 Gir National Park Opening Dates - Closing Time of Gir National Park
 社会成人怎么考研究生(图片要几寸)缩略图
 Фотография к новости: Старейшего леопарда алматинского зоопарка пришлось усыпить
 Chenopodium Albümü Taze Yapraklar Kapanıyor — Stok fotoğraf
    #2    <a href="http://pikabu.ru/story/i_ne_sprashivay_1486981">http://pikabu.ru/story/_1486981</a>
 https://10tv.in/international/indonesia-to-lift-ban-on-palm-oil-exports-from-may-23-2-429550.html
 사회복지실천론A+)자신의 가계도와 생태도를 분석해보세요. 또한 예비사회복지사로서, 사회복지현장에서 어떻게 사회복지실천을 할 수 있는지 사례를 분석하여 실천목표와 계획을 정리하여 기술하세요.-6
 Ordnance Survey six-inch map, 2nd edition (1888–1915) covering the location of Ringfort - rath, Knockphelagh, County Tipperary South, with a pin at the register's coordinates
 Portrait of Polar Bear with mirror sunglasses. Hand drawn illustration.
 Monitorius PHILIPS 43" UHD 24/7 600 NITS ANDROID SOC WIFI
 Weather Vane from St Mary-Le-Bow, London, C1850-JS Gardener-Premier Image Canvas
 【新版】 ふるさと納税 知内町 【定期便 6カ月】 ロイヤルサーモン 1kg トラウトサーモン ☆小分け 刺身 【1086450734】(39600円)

=======

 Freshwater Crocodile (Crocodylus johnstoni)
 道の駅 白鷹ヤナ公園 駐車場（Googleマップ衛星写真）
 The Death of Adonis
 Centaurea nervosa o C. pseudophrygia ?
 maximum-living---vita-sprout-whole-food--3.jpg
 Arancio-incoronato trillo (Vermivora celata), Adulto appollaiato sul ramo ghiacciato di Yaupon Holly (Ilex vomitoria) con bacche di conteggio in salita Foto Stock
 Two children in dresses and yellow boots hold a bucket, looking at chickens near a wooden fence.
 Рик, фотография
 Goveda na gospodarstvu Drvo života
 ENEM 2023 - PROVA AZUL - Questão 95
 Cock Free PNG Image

=======

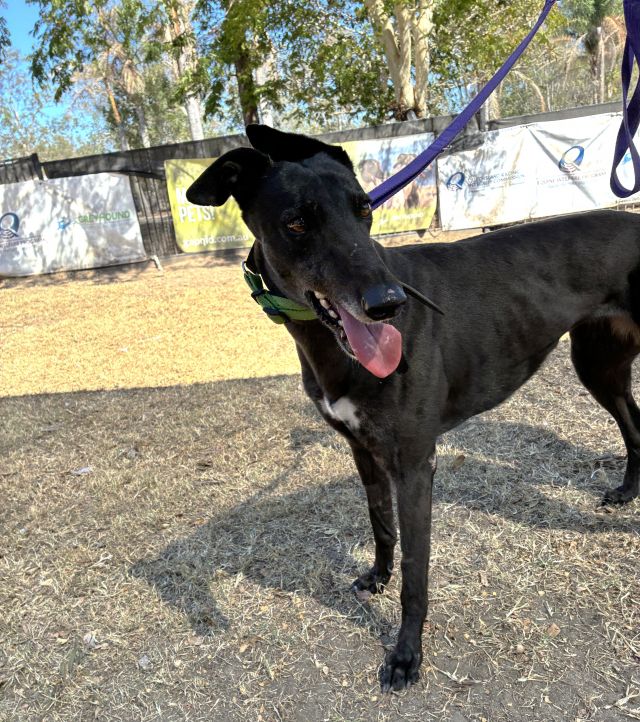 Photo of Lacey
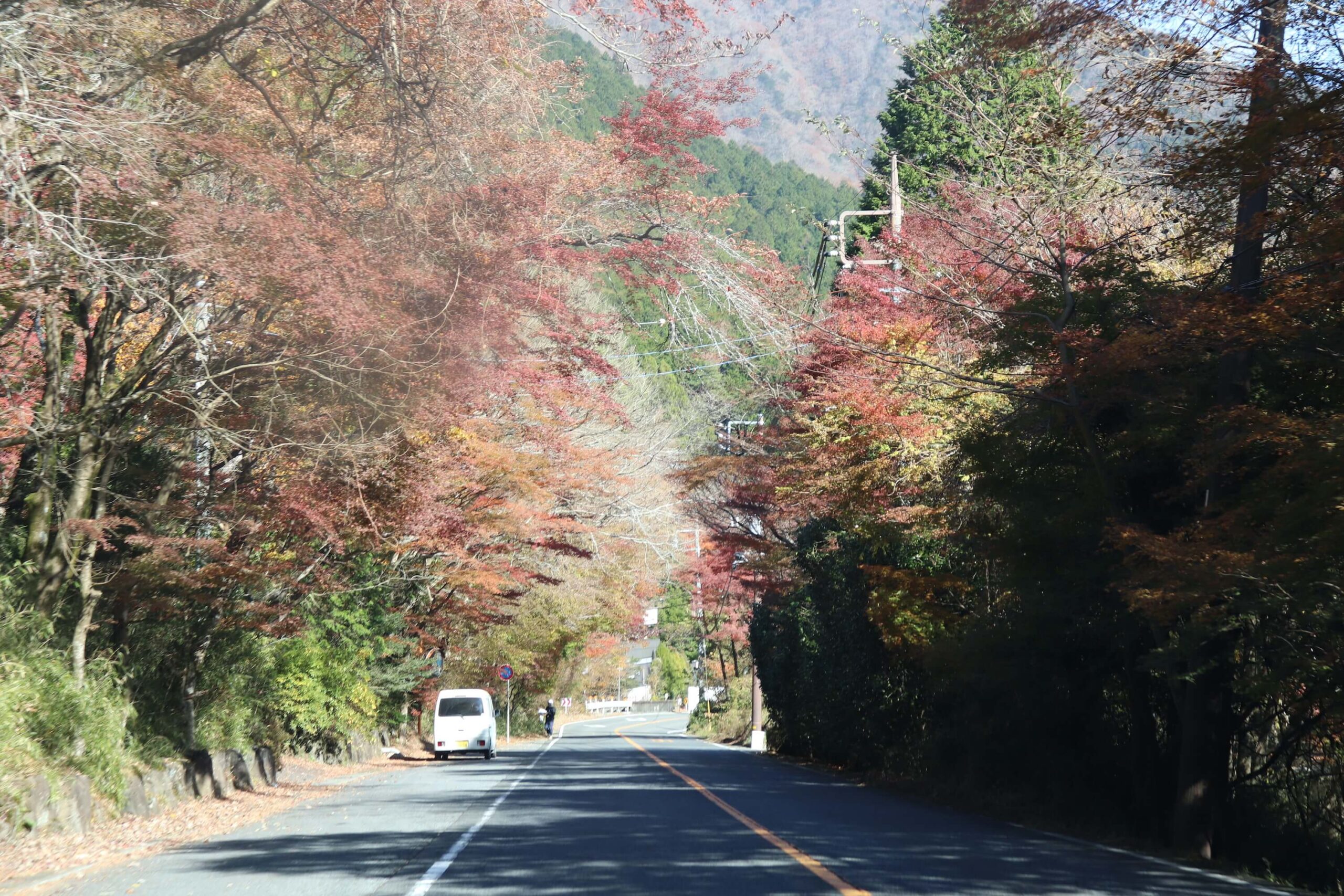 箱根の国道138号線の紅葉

=======

**Work required:** Set down, from the entries above, exactly the lines from the one with "Gir National Park Opening" up to and including the one with "Chenopodium Albümü Taze", and no other lines.

**Answer to the exercise:**
 Gir National Park Opening Dates - Closing Time of Gir National Park
 社会成人怎么考研究生(图片要几寸)缩略图
 Фотография к новости: Старейшего леопарда алматинского зоопарка пришлось усыпить
 Chenopodium Albümü Taze Yapraklar Kapanıyor — Stok fotoğraf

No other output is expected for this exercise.